The resolution prioritizes identifying and reducing mercury exposure to protect children and consumers, but that attention could lead to higher energy and administrative costs affecting households, industry, and state/local budgets.
Children and pregnant people could face a lower risk of neurodevelopmental harm if the resolution leads to reduced mercury emissions from power plants.
Improved public awareness and strengthened fish-advisory systems would better protect consumers from contaminated fish.
Identifying mercury sources and exposure pathways creates a basis for state, federal, and health-system actions to monitor, regulate, or fund contamination-reduction efforts.

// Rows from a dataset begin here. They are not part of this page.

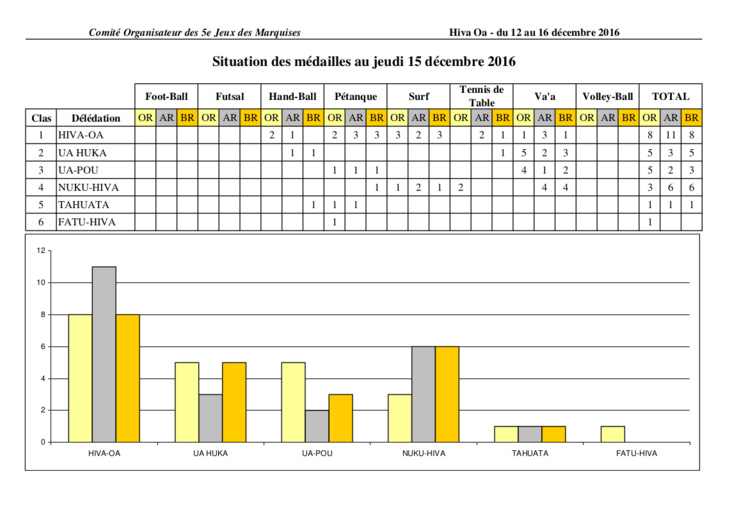 Jeux des Marquises : Hiva Oa conforte sa première place Jeux des Marquises : Hiva Oa conforte sa première place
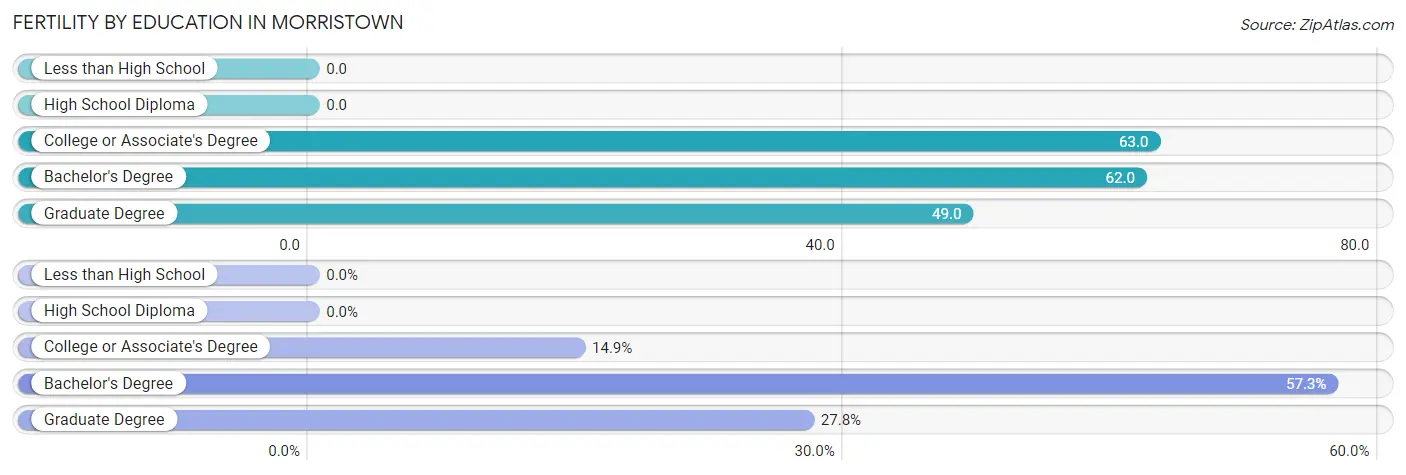 Female Fertility by Education Attainment in Morristown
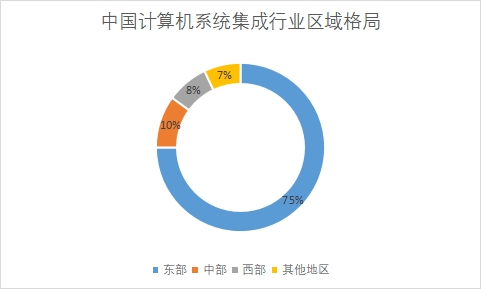 各地区市场份额占比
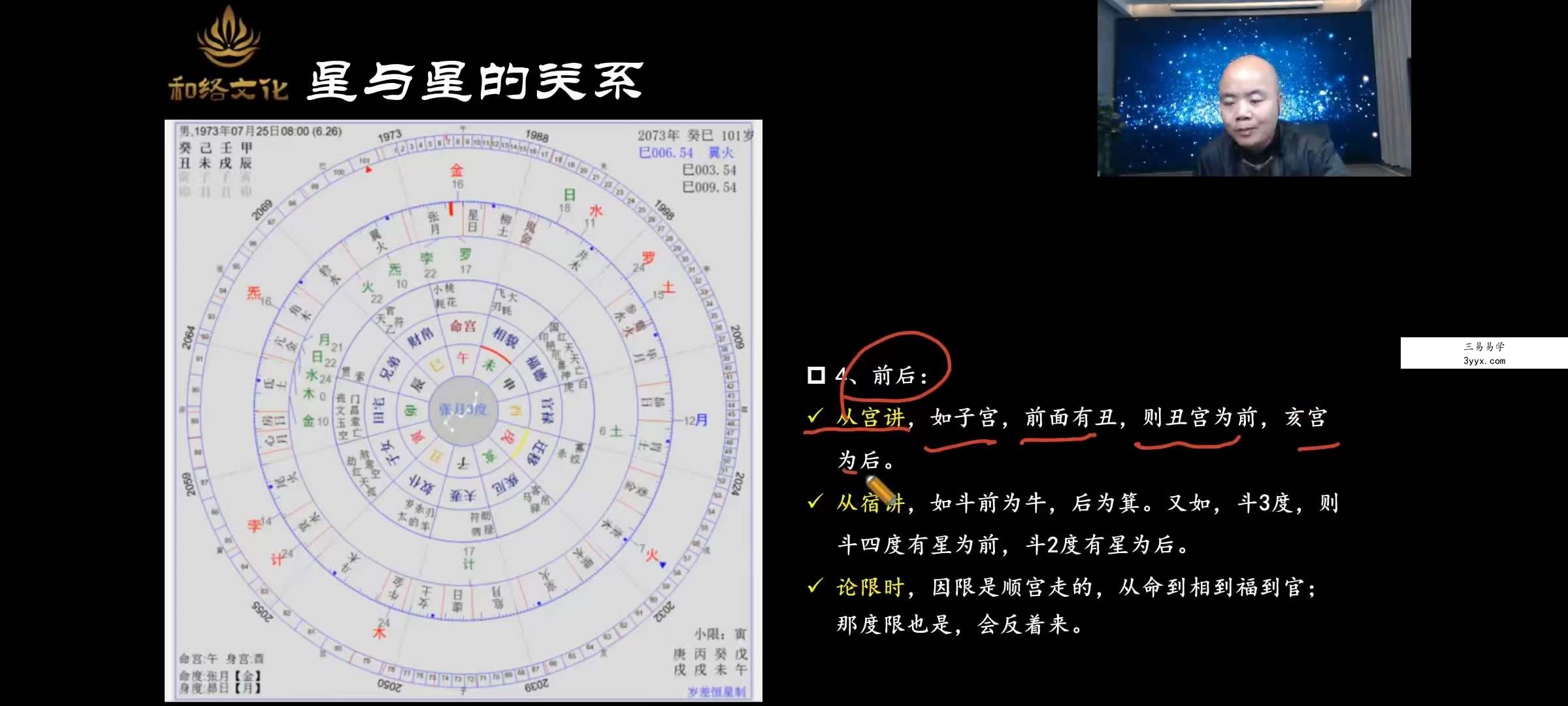 彭红明《七政四余 高级班》32集 资料图片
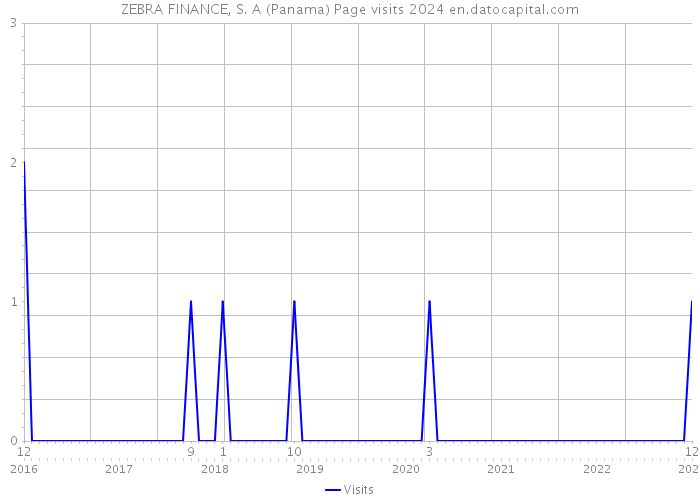 ZEBRA FINANCE, S. A (Panama) Page visits 2024 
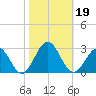 Tide chart for Pig Point, Virginia on 2024/10/19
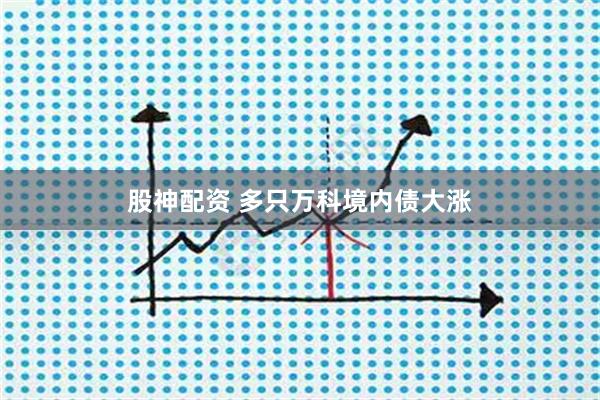 股神配资 多只万科境内债大涨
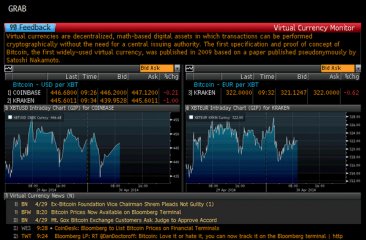 Bloomberg terminal with bitcoin screenshot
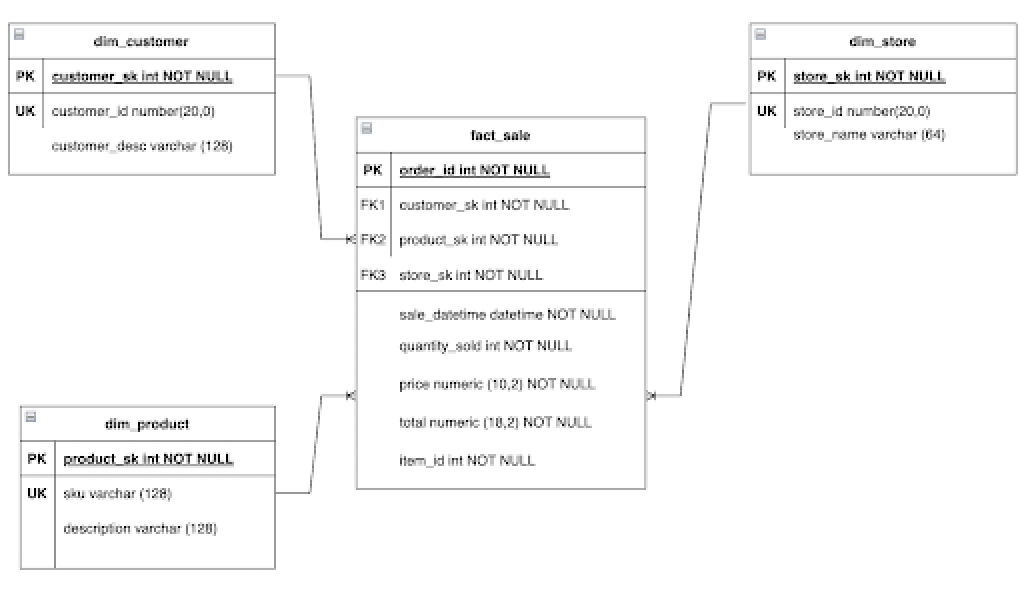 Star schema example.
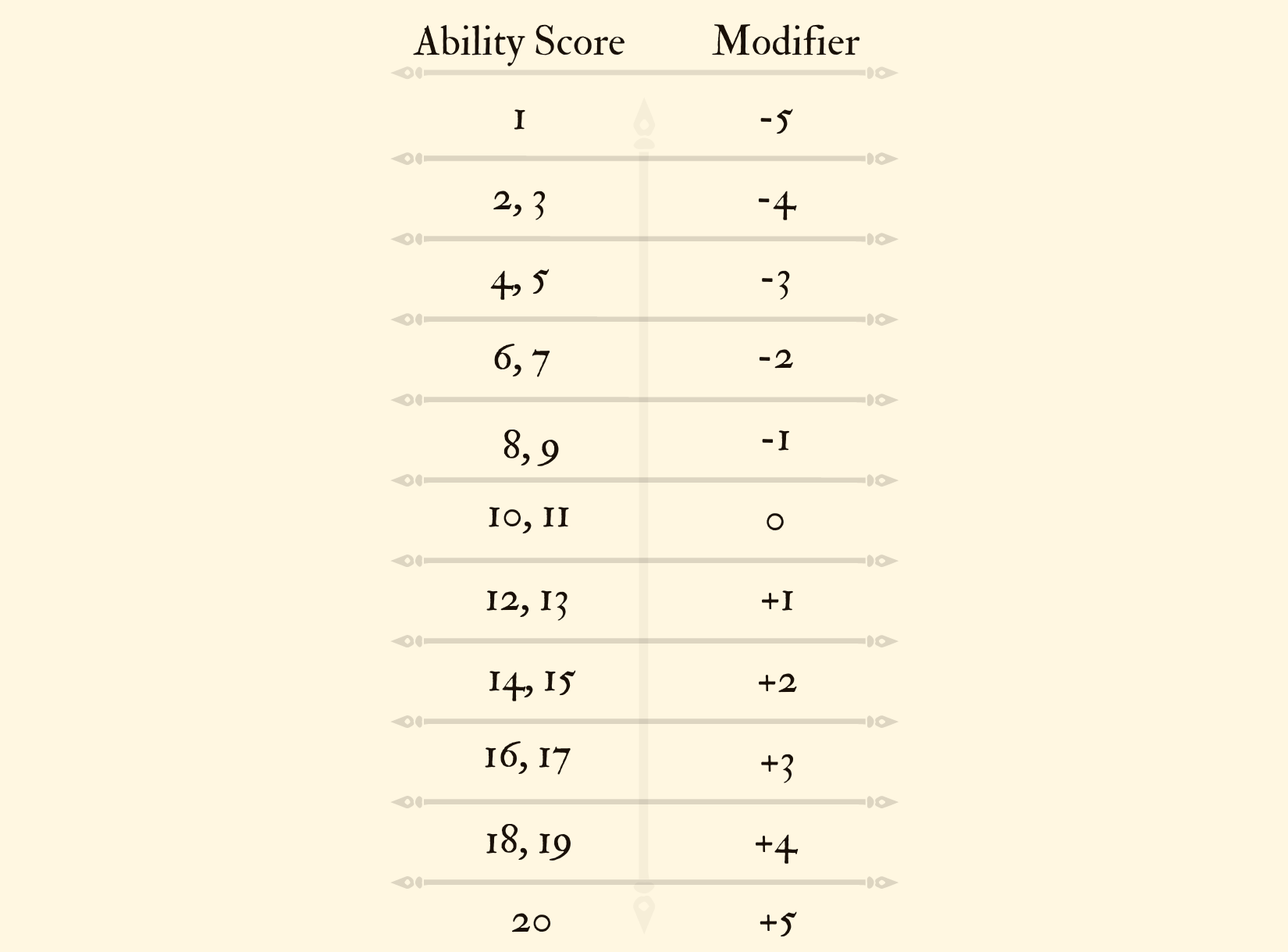 D&D Ability Score Chart & Modifiers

Households — especially middle-class and low-income families — could face higher electricity bills if stricter controls on fossil-fuel emissions increase generation costs.
The fossil-fuel industry and energy-sector workers could incur higher compliance costs and potential job impacts if regulatory actions follow from the findings.
State and local agencies may need to reallocate funds to expanded monitoring or advisory programs, potentially diverting resources from other services.
Based on analysis of 2 sections of legislative text.
States findings that mercury from burning fossil fuels is a powerful neurotoxin, with power plants as the largest U.S. source and fish the main exposure route.
Introduced December 17, 2025 by Sheldon Whitehouse · Last progress December 17, 2025
States findings that mercury released when fossil fuels are burned is a powerful neurotoxin that contaminates soil, water, and the food chain, with contaminated fish the main exposure route. It identifies fossil fuel–fired power plants as the largest U.S. source of mercury emissions, notes that tens of millions of people (including millions of children) live near such plants, and summarizes serious health risks and that no safe exposure level is known.